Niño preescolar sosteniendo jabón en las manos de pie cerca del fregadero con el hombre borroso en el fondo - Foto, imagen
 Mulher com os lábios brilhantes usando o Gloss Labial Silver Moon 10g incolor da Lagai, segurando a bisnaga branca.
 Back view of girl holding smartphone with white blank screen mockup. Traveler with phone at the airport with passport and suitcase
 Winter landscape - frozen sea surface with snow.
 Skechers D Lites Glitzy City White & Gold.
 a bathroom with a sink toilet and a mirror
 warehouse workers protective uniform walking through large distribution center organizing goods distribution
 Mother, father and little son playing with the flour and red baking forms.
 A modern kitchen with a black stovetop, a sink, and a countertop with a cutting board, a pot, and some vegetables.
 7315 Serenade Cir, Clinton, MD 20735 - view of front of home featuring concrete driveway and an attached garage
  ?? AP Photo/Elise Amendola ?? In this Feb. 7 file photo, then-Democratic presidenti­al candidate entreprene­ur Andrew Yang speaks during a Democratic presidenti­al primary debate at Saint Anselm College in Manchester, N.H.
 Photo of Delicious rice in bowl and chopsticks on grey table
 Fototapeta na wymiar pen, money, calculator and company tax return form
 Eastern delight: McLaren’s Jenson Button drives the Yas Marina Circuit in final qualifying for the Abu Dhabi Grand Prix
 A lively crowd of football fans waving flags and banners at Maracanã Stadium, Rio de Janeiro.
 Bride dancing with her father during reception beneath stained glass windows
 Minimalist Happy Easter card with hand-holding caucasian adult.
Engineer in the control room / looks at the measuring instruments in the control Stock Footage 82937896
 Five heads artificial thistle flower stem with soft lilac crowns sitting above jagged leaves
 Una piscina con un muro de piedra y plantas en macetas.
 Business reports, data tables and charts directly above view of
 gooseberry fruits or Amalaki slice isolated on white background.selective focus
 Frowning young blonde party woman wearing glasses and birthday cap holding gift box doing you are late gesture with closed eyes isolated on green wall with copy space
○ ○ ○
**Task:**
Only the lines from the one with "Five heads artificial" through the end of the records above are to be copied, exactly as written.

**Exercise output:**
 Five heads artificial thistle flower stem with soft lilac crowns sitting above jagged leaves
 Una piscina con un muro de piedra y plantas en macetas.
 Business reports, data tables and charts directly above view of
 gooseberry fruits or Amalaki slice isolated on white background.selective focus
 Frowning young blonde party woman wearing glasses and birthday cap holding gift box doing you are late gesture with closed eyes isolated on green wall with copy space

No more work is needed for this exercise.